Task to complete: An exact copy of every record, with no pictures, please.

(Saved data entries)

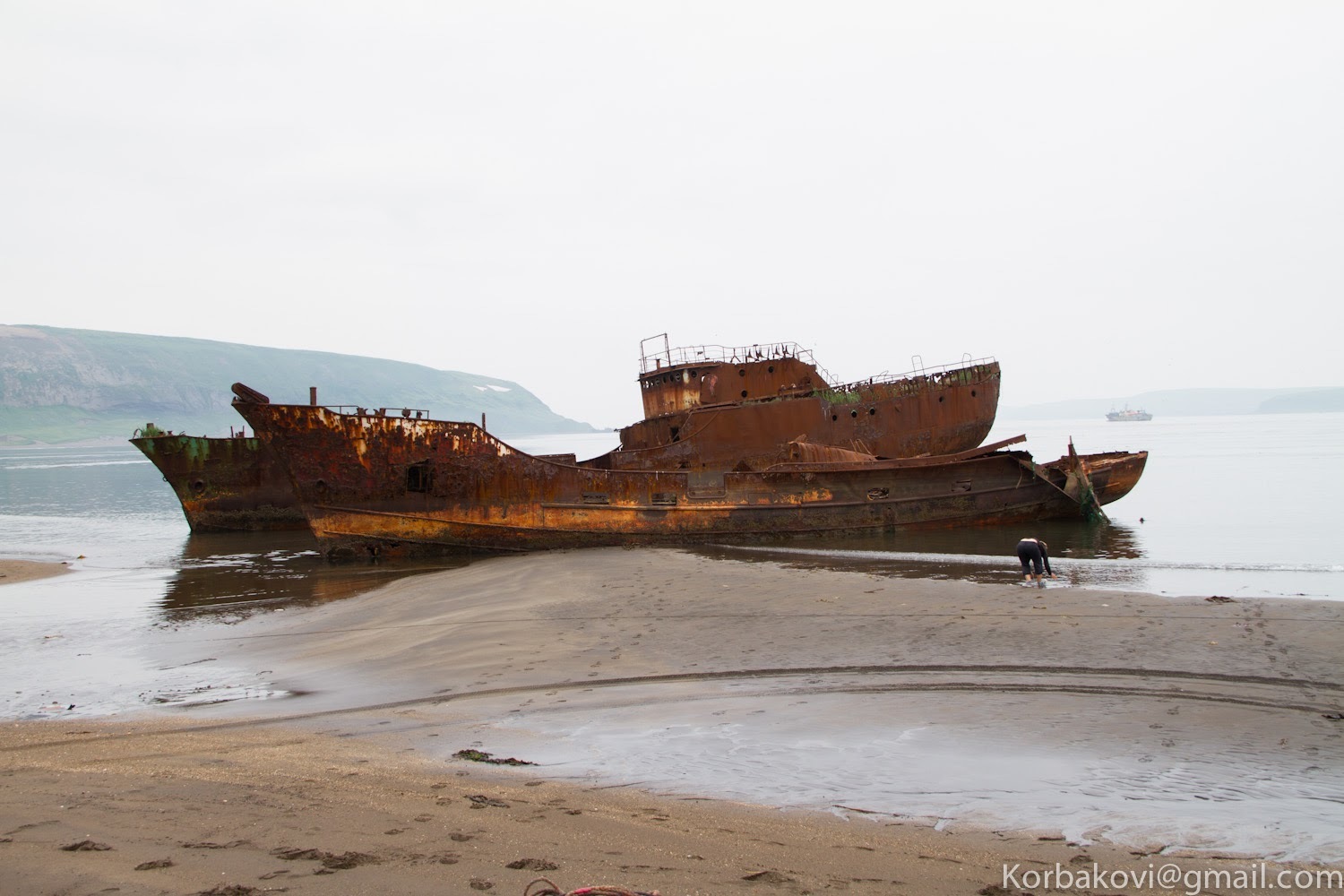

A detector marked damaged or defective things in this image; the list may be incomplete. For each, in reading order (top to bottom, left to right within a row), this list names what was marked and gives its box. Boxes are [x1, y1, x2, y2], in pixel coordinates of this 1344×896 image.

rusted shipwreck [126, 421, 305, 529]
rusty ship hull [129, 426, 307, 531]
rusty ship hull [228, 383, 1145, 553]
rusted shipwreck [228, 383, 1145, 556]
rusted shipwreck [607, 335, 1000, 472]
rusty ship hull [616, 338, 1005, 472]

Written solution:
A detector marked damaged or defective things in this image; the list may be incomplete. For each, in reading order (top to bottom, left to right within a row), this list names what was marked and gives its box. Boxes are [x1, y1, x2, y2], in pixel coordinates of this 1344×896 image.

rusted shipwreck [126, 421, 305, 529]
rusty ship hull [129, 426, 307, 531]
rusty ship hull [228, 383, 1145, 553]
rusted shipwreck [228, 383, 1145, 556]
rusted shipwreck [607, 335, 1000, 472]
rusty ship hull [616, 338, 1005, 472]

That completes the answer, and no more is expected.